Media and entertainment companies continue to reel in the aftermath of Scam 2001. The latest to have a complaints filed against it with the Securities and Exchange Board of India (Sebi) is Tabassum International Ltd—the company floated by a pioneering radio and TV star. The complaints—obviously the job of an insider—show how the company barely met the Sebi listing norms which would require it to have at least 2,000 investors for its Rs 10 crore post issue paid-up capital. The complaint is accompanied by a fat pile of 350 application forms almost entirely in serial order for around 200 share each. All shares are paid in cash, the applicants don’t have a middle name, seem to be in the same hand-writing and all want their shares in physical form. The complainant helpfully alleges that the shares have since been transferred through physical transfer and delivery to an associate of the promoter group.

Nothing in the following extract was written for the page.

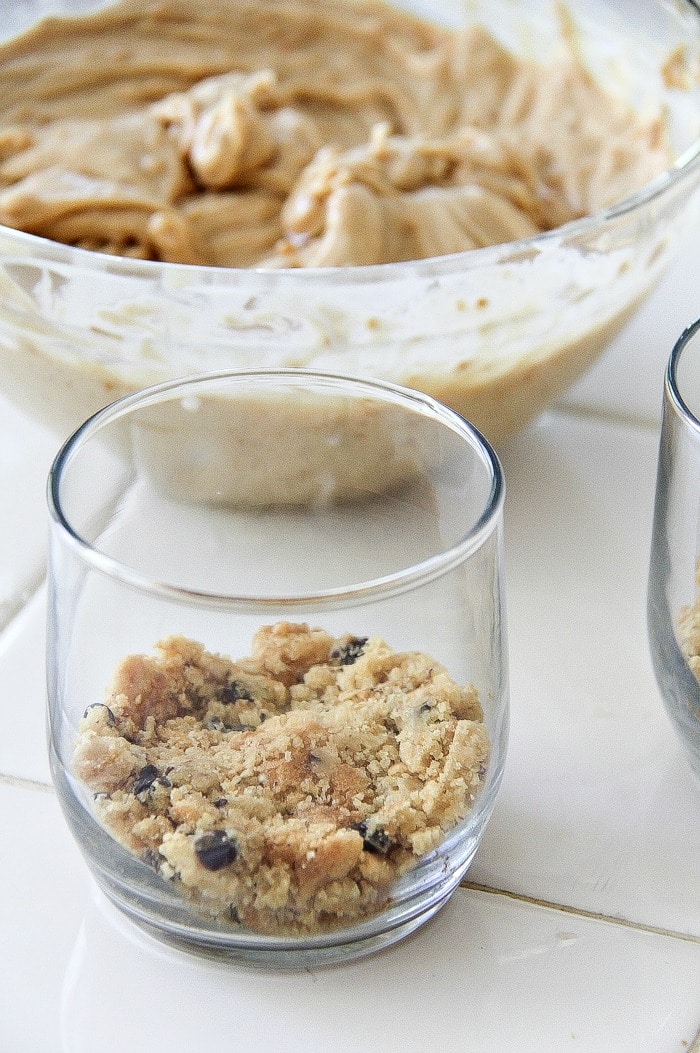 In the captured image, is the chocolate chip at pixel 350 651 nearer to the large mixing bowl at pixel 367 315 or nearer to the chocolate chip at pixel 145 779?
the chocolate chip at pixel 145 779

But the complaint has a more interesting disclosure with serious implications for other barely-subscribed issues. It seeks to expose, with specific names and addresses a clear ‘money lending’ operation run by an individual and his company to help companies meet listing requirements. The financiers named by the complainant seem to have been a big player in the primary market during the infamous vanishing company era as well. It is now up to Sebi to pursue the lead and to look for a similar subscription patterns in other public issues—it may even lead to a breakthrough in the vanishing company investigation.
Midas matters
The Midas Touch Investors Assocation along with the president of the Kanpur Consumer Forum and others have moved an interesting complaint against Unit Trust of India. The consumers say that capital gains considerations prevented them from selling their units in April 2001 and caused them losses later. Interestingly, apart from the typical demand that UTI allow redemption at Rs 14.25, the investors have made an interesting demand—that the trustees be made individually liable and be asked to make good the loss suffered to investors from their own pocket. Whatever the outcome of this case, it would be interesting to find out if UTI’s trustees—at least those who were appointed after the 1999 debacle and the Parekh Committee report—had ever written to the Trust or objected to its investment practices, asked for changes or even pursued the implementation of the Parekh Committee recommendations.
Tata vs employees
The Tata Finance case is fit to baffle the most diehard Tata admirers. Tata group has sacked six employees and filed charges against them, but the heat seems to be affecting the blue chip business house too. All of a sudden, every deal and every transaction done through the company seems open to question and unfortunately both sides seem equally plausible. For instance—Did Telco dump its dealer financing on Tata Finance or was it TFL managing director Dilip Pendse’s megalomania which made him grab most of Telco’s business? Did Dilip Pendse persuade senior directors to buy Global e-commerce shares (on which they eventually made no money) from his wife or is this just an example of how closely the Tata directors operated as a group in the stock market. Finally, there is the AF Ferguson report which is still a secret. Does it blame the employees or just a flawed business model? All this does not detract from the specific instances of fraud, falsification and cheating that TFL has accused Pendse of, but it does raise serious questions about the famous Tata Corporate Governance and accountability.
Citi’s insurance trick
The powerful email network is buzzing with angry mail about Citibank’s decision to bill its card holders Rs 204 charge for insurance cover (in the August statement) without so much as a by-your-leave. The tie-up with Tata-AIG provides free cover only for the first three months. The catch is that a card holder is automaticaly enrolled unless he/she specifically rejects the cover by calling or writing. This little detail is tucked away in a corner ‘where it is bound to be missed’. Cardholders say that irrespective of the merits of the insurance cover, Citi’s method of getting business are ‘unethical’. One angry cardholder says: “I wonder if Citi would be happy if I send them some 30 mailers in a year, and in one of them, in some innocent corner say that unless Citi gets back to me by the end of this month all Citi properties world wide are mine”. He calculates that if half Citi’s 1.3 million card holders pay Rs 17 every month for one year Citi makes a cool Rs 13.26 crore without the customer knowing he has paid for it and without any value addition. Ironically, the scheme is called - Suraksha twin benefit.